Crimson Shadow, The - R. A. Salvatore Page 0,229

the same direction the companions had already been traveling.

Oliver smiled and tipped his hat, then turned the woman about and shoved her back into the room from whence she came.

“These people disgust me,” Luthien remarked as the pair started off once more.

“Of course,” Oliver outwardly agreed, but the halfling remembered a time not so long ago when he, too, had played these noble party games, usually lending a sympathetic shoulder for those ladies who had not snared the richest or the most powerful or the most dashing (though Oliver always considered himself the most dashing). Of course they were disgusting, as Luthien had said, their passions misplaced and shallow. Few of the nobles of Gascony, and of Avon, too, from what the halfling was now seeing, did anything more substantial than organize their drunken parties, with the richest foods and dozens of young painted ladies. These frequent occasions were orgies of lust and greed and gluttony.

But, in Oliver’s thinking, that could be fun.

The pair grew more cautious as they continued toward the center of the palace, for they found fewer partygoers and more cyclopians, particularly Praetorian Guards. The music dimmed, as did the lighting, and finally, Luthien decided that they should drop the façade and hide under the protection of the magic cape.

“But how are we to find information to lead us to the man?” Oliver protested.

It was a good point, for they still had no idea of which room might be Duke Paragor’s, and no idea if this “foreigner” the lady had spoken of was even Katerin. But Luthien did not change his mind. “Too many cyclopians,” he said. “And we are increasingly out of place, even if we were invited guests to the palace.”

Oliver shrugged and hid under the cape; Luthien moved to the side of the corridor, inching from shadow to shadow. A short while later, they came to a stairwell, winding both up and down. Now they had a true dilemma, for they had no idea of which way to go. The fourth floor, or the second? Or should they remain on this level, for the corridor continued across the way?

The companions needed a measure of luck then, and they found it, for a pair of servants, human women and not cyclopian, came bustling up the stairs, grumbling about the duke. They wore plain white garb—Oliver recognized them as cooks, or as maids.

“E’s got ’imself a pretty one this night,” said an old woman, a single tooth remaining in her mouth, and that bent and yellow, sticking out over her bottom lip at a weird angle. “All that red hair! What a firebrand, she be!”

“The old wretch!” the other, not much younger and not much more attractive, declared. “She’s just a girl, she is, and not ’alf ’is age!”

“Shhh!” the one-tooth hissed. “Yer shouldn’t be spaking so o’ the duke!”

“Bah!” snorted the other. “Yer knows what he’s doin’. He sends us away fer a reason, don’t yer doubt!”

“Glad I am then, that we is done fer the night!” said one-tooth. “Up to bed wit me!”

“And down to bed with the duke an’ the girl!” the other shrieked, and the two burst out in a fit of cackling laughter.
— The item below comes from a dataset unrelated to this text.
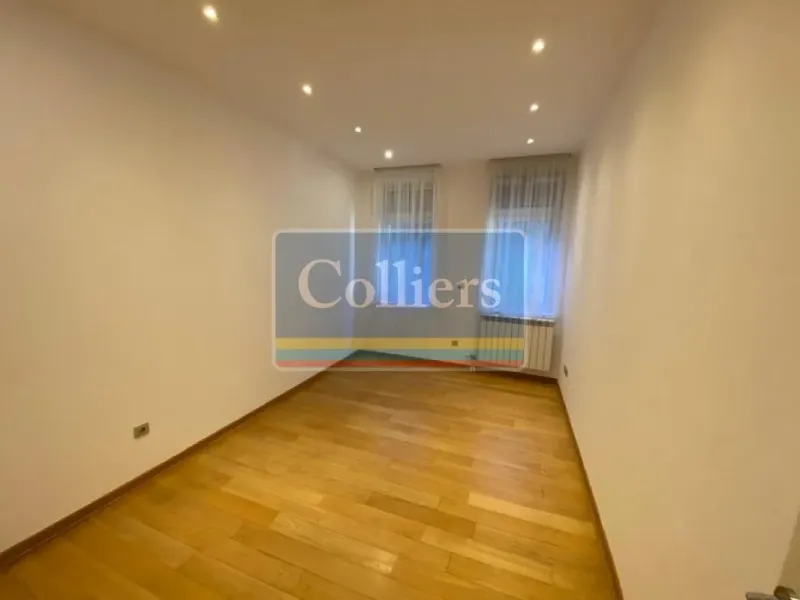 Spacious 4-Bedroom Apartment with Terraces in Belgrade's Senjak - Image 1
They walked right beside the companions, never noticing them.

It took all the control Luthien could muster for him to wait until the pair had passed before running down the stairs. Even then, Oliver tried to hold him back, but Luthien was gone, taking three steps at a time.

Oliver sighed and moved to follow, but paused long enough to see that the cape had left another of its “crimson shadows” on the wall beside the stairwell.
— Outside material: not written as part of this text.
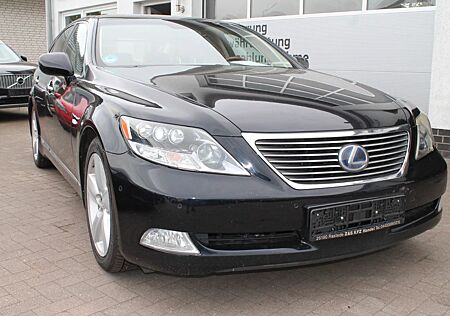 Lexus LS 600h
Their options were fewer when they came down to the next level. Three doors faced the stairwell, each about a dozen feet away. The two to the sides were unremarkable—Luthien could guess that they opened into corridors. He went to the third, curbed his urge to charge right through, and tried to gently turn the handle instead.

It was locked.

Luthien backed up and snarled, meaning to burst right through, but Oliver was beside him, calming him. From yet another pouch of his remarkable housebreaker, the halfling produced a slender, silver pick. A moment later, he looked back from the door at Luthien and smiled mischievously, the lock defeated. Luthien pushed right past him and went through the door, coming into yet another corridor, this one shorter, incredibly decorated in tiled mosaics, and with three doors lining each side.